Musical Scale of the Funnybone

Here are the overhead notes from the Humor Class at the Pikes Peak Writers Conference.  Obviously the CD's would give more info and nuances but for those of you who were there and want just the notes, here they are.

Musical Scale of the Funnybone
Plays on Words:  
Puns, Malaprops, Double Entendres, Oxymorons

The Pun – A Word used in such a way that two or more meanings are active simultaneously

EX.  Shakespeare, Romeo and Juliet – "If you look for me tomorrow you shall find me a grave man."

EX.  Ad at a radiator repair shop – "A great place to take a leak."

Possible uses of The Pun in your writing

-In the mouth of your main or secondary characters to show clever or quick minds. 

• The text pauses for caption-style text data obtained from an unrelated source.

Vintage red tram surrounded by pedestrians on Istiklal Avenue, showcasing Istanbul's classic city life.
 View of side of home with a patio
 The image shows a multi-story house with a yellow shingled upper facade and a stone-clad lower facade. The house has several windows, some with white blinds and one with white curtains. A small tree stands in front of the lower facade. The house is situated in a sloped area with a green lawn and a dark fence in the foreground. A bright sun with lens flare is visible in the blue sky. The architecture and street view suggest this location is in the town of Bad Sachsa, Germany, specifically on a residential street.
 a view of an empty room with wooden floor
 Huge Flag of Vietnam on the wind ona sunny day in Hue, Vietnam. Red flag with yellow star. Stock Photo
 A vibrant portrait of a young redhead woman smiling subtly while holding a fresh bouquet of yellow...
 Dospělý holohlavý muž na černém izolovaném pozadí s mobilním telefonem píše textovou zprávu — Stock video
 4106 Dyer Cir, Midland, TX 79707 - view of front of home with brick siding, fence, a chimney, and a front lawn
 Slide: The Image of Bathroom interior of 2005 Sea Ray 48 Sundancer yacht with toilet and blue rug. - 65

-If a character thinks a pun in a situation, you know that he is not taking it seriously without you actually having to say so.

Malaprops – A misuse of a word or phrase 

EX An angry man – "I resemble that remark."

EX Yogi Berra – "90% of all baseball is mental.  The other half is physical."

EX Bushisms – "I promise you I will remember what was said here; even though I wasn't here."

Possible uses of The Malaprop in your writing

-A character that makes these types of mistakes has a unique type of mentality.  Can be used to show someone who maybe stumbles over his words but in a discernibly humorous and not necessarily unintelligent manner.

-When a character consistently uses Malaprops, particularly s reoccurring character in a series, your reader will grow fond of this character by awaiting what humorous thing will come next from his/her mouth – Think Gracie Allen (as in Burns and Allen).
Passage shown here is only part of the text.